Why are we fighting each other?

Anna Bailey

Digital illustration depicting two marginalized groups playing tug-of-war.

Harper Latta, Writer

The Oppression Olympics are an event in which no one should ever be winning the gold, silver or bronze. The Oppression Olympics, a term first coined in 1993 by Elizabeth Martinez, is a useless charade pitting marginalized groups against each other to decide which group has it worse despite the fact these groups’ struggles should not be set side by side.

So this is a message for anyone who is a part of marginalized racial groups: no part of any marginalized group’s history is comparable to another. Some parts of history are terrible and disgusting. There is no reason to pit marginalized racial groups against each other because no one wins and everyone ends up getting hurt.

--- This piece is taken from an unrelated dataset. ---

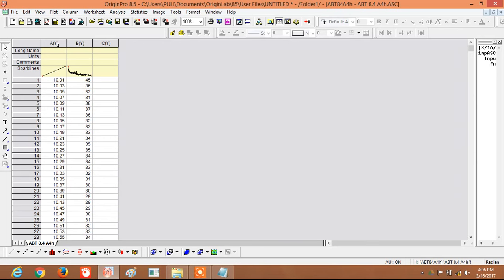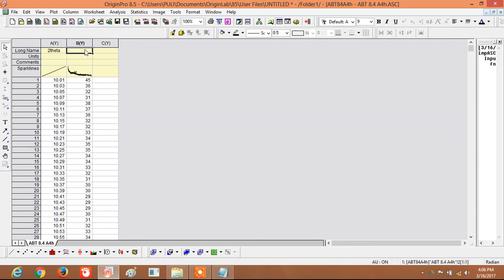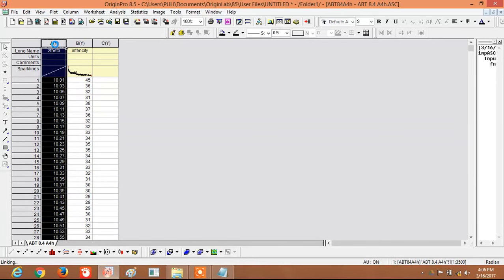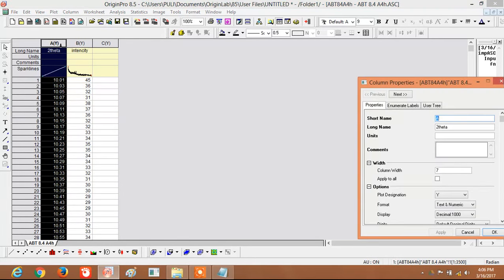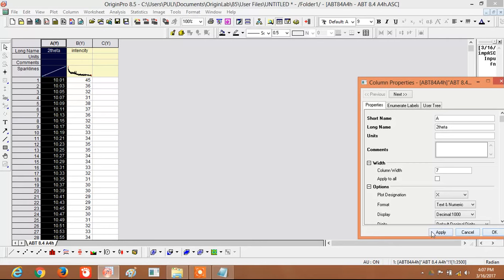The data is automatically updated here. This is XRD data, so the X-axis is Two Theta and the Y-axis is Intensity. You can see column A and column B — both are currently set to Y-axis. Double-click on the column to change its axis. Select X and click Apply.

A common example I see is usually on social media with the Black Lives Matter (BLM) movement. Someone will comment or use the hashtag BLM to spread more awareness about the movement. Instead of standing with Black people, other races and marginalized groups will attack the writer and misconstrue the meaning of BLM. The marginalized racial groups will see the movement as something that is made to only benefit Black people, instead of seeing it for what it really is — a movement made to bring awareness to the Jim Crow like segregation that still exists today in America.

Members of the Asian American community felt like the public focus was purely on the BLM movement in 2020, despite the fact that they were facing an increase in anti-Asian hate crimes.

The BLM movement is not designed to invalidate the discrimination that other racial minorities face. We, as the oppressed, fight the oppressors every day. We do not need to be fighting each other over who is the most oppressed.

The Oppression Olympics can be dangerous because it can allow groups and platforms on social media to spread counterproductive information to try to win the title of ‘Most Oppressed.’

When we continue bullying other marginalized groups out of their rightful feelings to past or present historical events, we further these games. Instead of harping on others for having to deal with the harsh aspects of their life, marginalized groups need to choose to listen and take into consideration everything that other marginalized groups have gone through as well to keep it from happening again in the future.

There is no reason to make more enemies when you already have enough to deal with. There is no reason to diminish another’s voice. Oppression wins when different groups act to tear each other down and create an environment where they are the only ones allowed to speak out about their struggles. To combat this, marginalized groups have to set aside personal opinions on “who has it worst” in the oppression category, and, instead, listen to the reasoning of why other groups have experienced this trauma.

The world is already divided between the oppressor and the oppressed. We, as a community, need to practice empathy and remember that we all face discrimination.

The way to backtrack from this and fix the wrongs that have been made can easily be done, as long as the marginalized on social media and in person are raising each other up instead of tearing each other down.

We as marginalized groups cannot expect those who have oppressed us to turn around and fix the problems they created. This is unfair, but so is the life we lead.

If we want change we can not expect to get it done if we are adding to the oppression by taking part in oppressing other marginalized racial groups. As civil rights leader Fannie Lou Hamer put it, “Nobody’s free until everybody’s free.”

The torch of the Oppression Olympics has been burning for long enough. It is past time for our nation, which is full of the marginalized, to extinguish it.